What's he saying? The bread I'm going to give you, and he's referring of course to the Eucharist, his own Body and Blood, is the bread that will sustain you for the journey, and will ready you for the fullness of the banquet of eternal life. It will fit you for eternal life, prepare you for eternal life. Stay with the image now of going through the desert for a bit. I remember when I was a young guy, I was in college, 18, 19 years old. I never ate breakfast. I used to wake up in the morning and I'd walk to class. I'd go through the whole morning of class, walk back to my dorm, and I ate for the first time at noon or one o'clock in the afternoon. Never bothered me.

Now, I couldn't imagine it! I would not be able to get through the morning without eating something. I would not be able to get to the rest of the day without lunch or without dinner. The older I get, the clearer it is how much I need food to sustain me in my work. How naive it is for us ever to think we can make our way through the desert, we can make our way on the spiritual journey, without being fed. You know what's going to happen? Trust me when I tell you: What's going to happen is we will long for the flesh pots of Egypt. The Lord is giving us in the Eucharist true food, true drink. Take it. Take it.

Now, one last connection I want to make. Take everything I've been saying and relate it now to the perhaps overly familiar words of the Lord's Prayer. That's a sermon for another time, just to walk through that prayer. But I want to draw attention to a particular line. And again, every time we say the Our Father, we say this line. I wonder how often we think about it. "Give us this day our daily bread." Now it's a complicated sort of exegetical problem around that phrase, but what's being used here, the Greek for daily bread, is ton arton ton epiousion.

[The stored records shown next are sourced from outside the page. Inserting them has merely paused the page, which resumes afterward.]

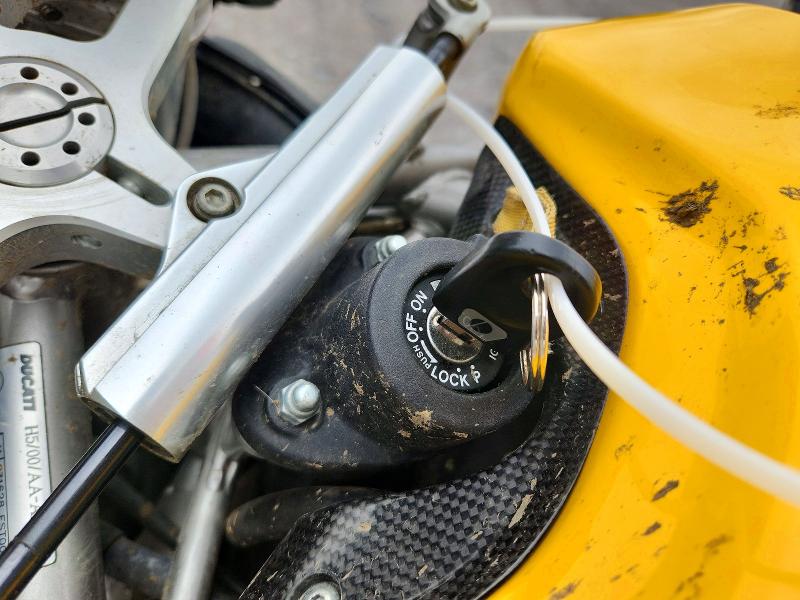 2003 Ducati 749 VIN ZDM1UB3S73B002830 COPART salvage auction — FRONT END, Tn - Salvage Certificate, sold $200 on 2026-07-30 (photo 8)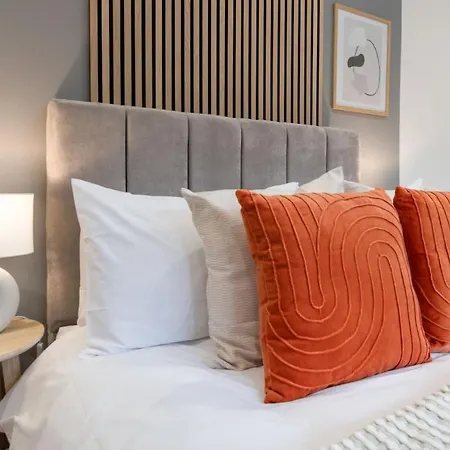 Apartment Modern 2br Parking And Work Area Ns *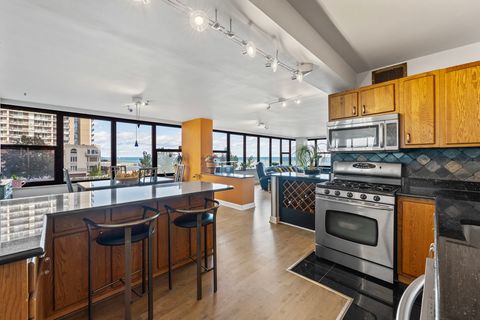 Tiny photo for 5801 N Sheridan Road #3C, Chicago, IL 60660 (MLS # 12492938)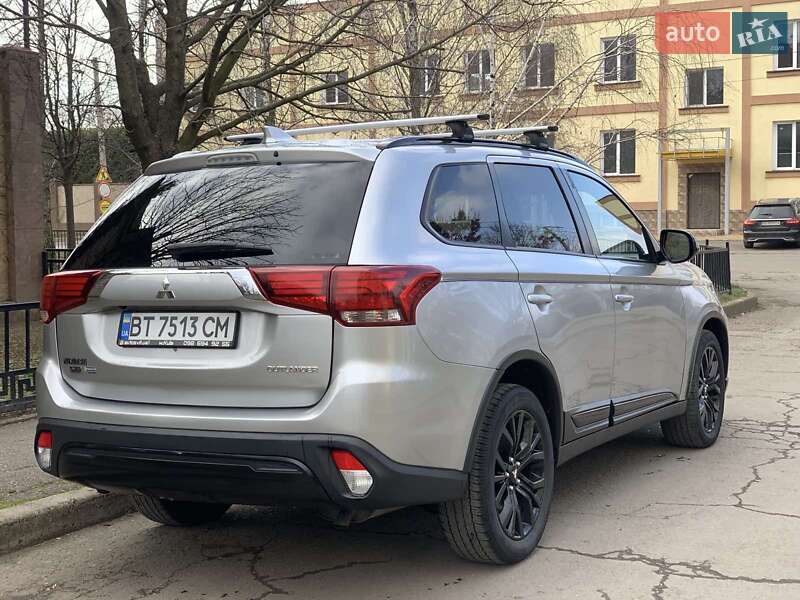 Внедорожник / Кроссовер Mitsubishi Outlander 2018 в Николаеве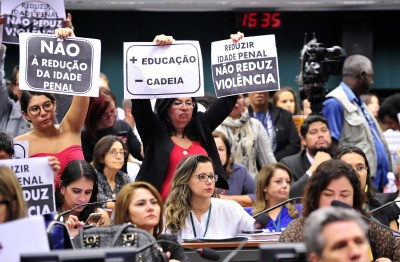 Debate sobre maioridade penal causa tumulto na Câmara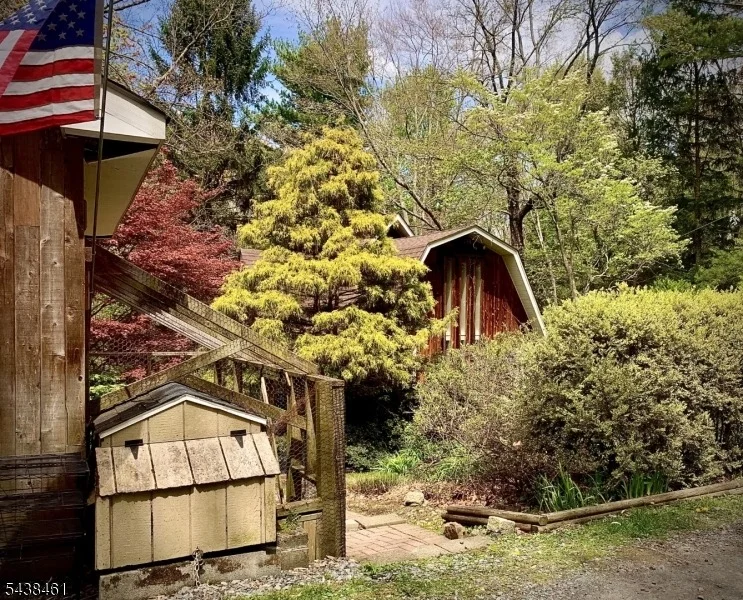 Photo of 4 Pine Tree Ln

What does that mean literally? "Give us this day the supersubstantial bread."

Ousia means substance in Greek. Epiousion means super substantial. In fact, in the earliest Latin versions of the Bible, the word you get is super substantialem. It's a complicated reason why we say daily, I won't go into that, but stay with the Greek. Give us this day, we pray now, every day, Lord, give us not the ordinary bread that we need to keep our bodies going, but Lord, give us each day the supersubstantial bread that keeps our souls alive during the desert journey. What does the Church say about the Eucharistic bread? It has undergone a change so fundamental that it's no longer appropriate to refer to these elements as bread.

But rather we say they have been transubstiantiated. That just means: at the most fundamental level of their being, they've been changed into the Body and Blood of Christ. Yes indeed, the supersubstantial bread. And what we say in the prayer that Jesus taught us: Every day, Lord, give me that supersubstantial bread. Because I would be supremely naïve to think I can make it through the long desert journey without that bread. Let me close with this. "Unlike your ancestors who ate and still died, whoever eats this bread will live forever."

Now, the Lord is not talking about endless life in this world I mean, in a way that would be a curse, wouldn't it? It's like the way a vampire lives. If I were to say, "I'm in my nine thousandth year as auxiliary bishop of Santa Bárbara"! I mean, we don't want endless life in this world. What we want is eternal life. That's the Promised Land. That's the Promised Land. That's the life on high with God. What gets us through the desert journey there, what sustains us in that heavenly place, is the supersubstantial bread. "My flesh is true food, my blood is true drink." Catholics: Don't fall into this trap of trivializing the Eucharist. "Oh well, most of us don't think it's the Real Presence." Then you are missing the whole point of it! We need this food to make our way on the journey. And God bless you!